A business trip to Universal Orlando Resort may sound awesome, and compared to some of the locales I’ve traveled for work (sorry, Milwaukee readers–nothing personal), I suppose it is. But when you’re away from your kid for an entire week, it’s a tough place to be. Everywhere I look there are kids. And sippy cups. And diaper bags. And more kids. And other reminders of how while the mommies of the world are being mommies, I am here missing my daughter’s new words and wobbly steps and awkward kisses.
Resilient as I am, however, I making excellent use of this opportunity to silently observe mothers and their children from the sidelines.
And judge them.
I don’t consider myself a particularly judgmental person. I am opinionated, indeed, but not entirely judgmental. There’s a difference. The opinionated mom says, “all mothers should at least try to breastfeed.” The judgmental mom says, “if you don’t try to breastfeed, you will be doomed to whichever circle of hell forces you to listen to David Hasselhoff crooning Muskrat Love for the rest of eternity.” (You may also be forced to have sex with Danny Bonaduce, which, according to the hilarious comments on my last post, is apparently the innermost circle of hell.)
Yesterday in the gift shop of the hotel, a trio of boys were whining for “just one Snickers” before breakfast. “Well, okay, just one,” the mom said finally giving in. “I don’t want you too hyper before breakfast.”
And I couldn’t help myself. I rolled my eyes big–really big–with the hopes that anyone looking in my direction at that moment could see just how awesome I am.
Oh my God – I acted like a Sanctimommy.
I had first heard about this breed of mothers on message boards. She’s the type who snorts in your direction when you feed your daughter french fries in the diner, or who tsks you as you walk past her with your pacifier-sucking three year old. She won’t hesitate to comment on you kid’s lack of hat when the temperature dips to 59, or to make a scene over the non-organic produce in your fridge. She has read every baby book, and has decided that her expert of choice is the expert and that heeding any other parenting theories is akin to worshipping false idols. Don’t even get her started on the real hotbutton mommywar issues like Ferberizing or circumcizing or ear piercing.
I hate this woman.
And yet once in a while, I think I am her. Just a teeny bit.
I’m sure some degree of judgmentalism is natural; an easy way to level our own insecurities about the choices we make as parents. Well I can’t be all that bad–my daughter might not own a winter jacket yet, but at least I don’t let her go to the playground with snot running down her face like SOME people.

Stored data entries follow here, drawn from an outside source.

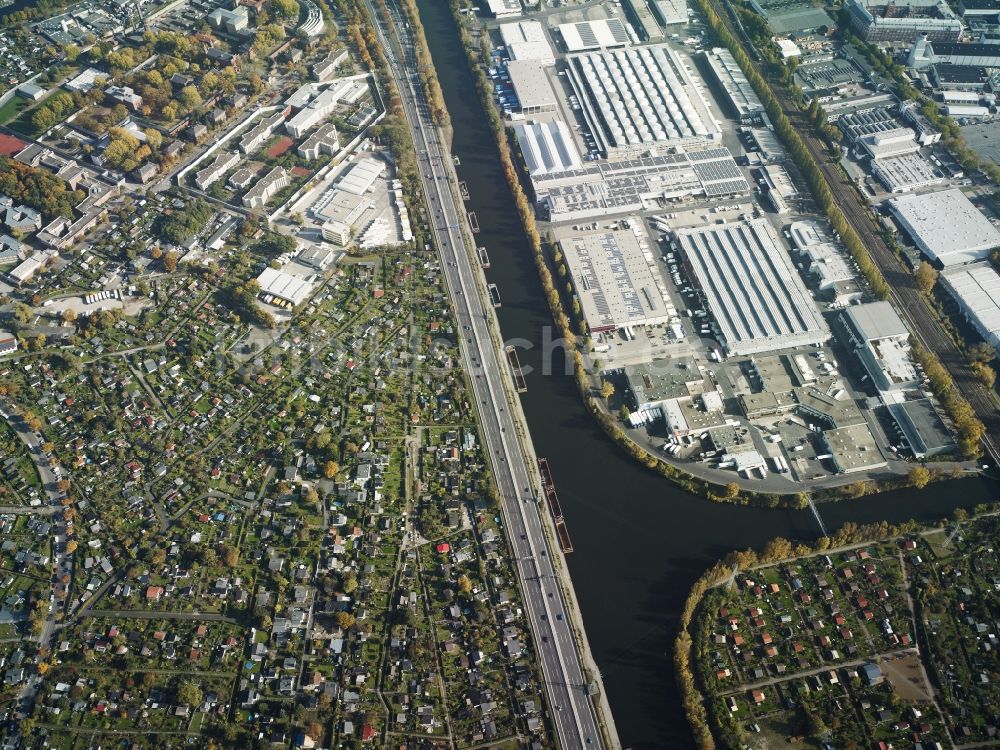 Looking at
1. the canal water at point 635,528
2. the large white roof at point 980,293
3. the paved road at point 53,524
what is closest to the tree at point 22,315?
the paved road at point 53,524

But when it’s taken to the level that I took it to yesterday–a big dramatic eyeroll for the benefit of bystanders over a candy bar–well that’s just wrong. It’s not who I want to be.

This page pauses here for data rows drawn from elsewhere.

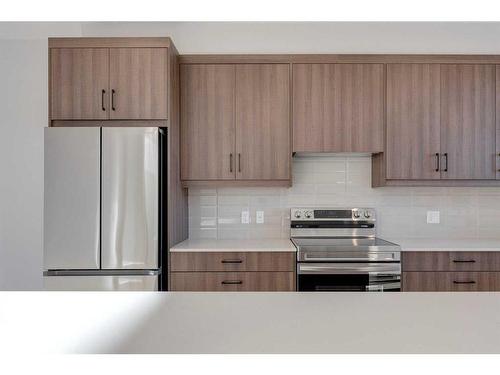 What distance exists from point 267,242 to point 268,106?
1015 millimetres

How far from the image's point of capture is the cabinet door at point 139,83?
8.72 feet

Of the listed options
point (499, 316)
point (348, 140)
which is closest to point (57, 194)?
point (348, 140)

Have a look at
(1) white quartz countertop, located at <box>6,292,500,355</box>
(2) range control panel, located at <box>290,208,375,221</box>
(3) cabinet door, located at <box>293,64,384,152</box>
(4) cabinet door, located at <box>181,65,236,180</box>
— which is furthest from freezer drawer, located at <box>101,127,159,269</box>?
(1) white quartz countertop, located at <box>6,292,500,355</box>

The best advice I ever got about parenting was from my own mother. She told me that every decision you will make as a parent is right, and every decision you will make as a parent is wrong. Once you learn that, you’re golden.
And boy, she nailed it.
There is no one right way to do anything. Hell, we could find out in fifty years that the levels of mercury and lead in our own bodies is so high that breastfeeding is actually far worse than formula. Science changes, parenting theories evolve, new experts spring up with ideas that we never considered before.
Which is partially why I get absolutely incensed when I see some of the Sanctimommies springing up on controversial blog posts or message board forums, attacking others in the cruelest fashion, under the protective veil of internet anonymity. I have observed the abhorrent “I feel sorry for your kids” response applied equally to working moms, single moms, and moms who feed their children American cheese singles. I’ve seen women who sleep train called child abusers (raising hand here). I have even seen a blog comment in which a woman insisted that those who choose to circumcise their sons deserve to have their children taken away. Taken away!
Where’s the perspective?
Here’s the great irony: The true Sanctimommy, the really sanctimonious, dogmatic, holier-than-though, unyielding type–there is no breed of mother more deserving of an eyeroll than she.
While the Sanctimommy is quick to deem others unfit mothers based on (really, in the end) superficial decisions like the cleanliness of a child’s nose or the YoBaby in the grocery cart, she’s reluctant to look as closely at herself. At her own attitude. At what seems to me to be anger and angst and a general unhappiness directed at a world around her which she can’t control.
The image of Carrie’s mom springs to mind.
Call me crazy, but I’d rather raise my kids in a happy, loving household with Dora on the tv and Cheerios on the dinner table than to have them grow up in the presence of an uptight, judgmental mom with her shoulders up to her ears and no ability to distinguish the grey areas that comprise 90% of life.
And so I’m going to try and do better. When I find my eyebrows suddenly raised an inch above their normal resting position upon seeing a five year-old with a pacifier, or a toddler taking a sip of her parents’ Coke, or a little boy sporting a mullet (oh God, this one is going to be the hardest) I’m going to remember my mother’s other great advice: Will this matter in a year? In ten years?
It won’t matter to me, that’s for sure.
But there will still be no Snickers before breakfast. That right is solely reserved for the pregnant among us.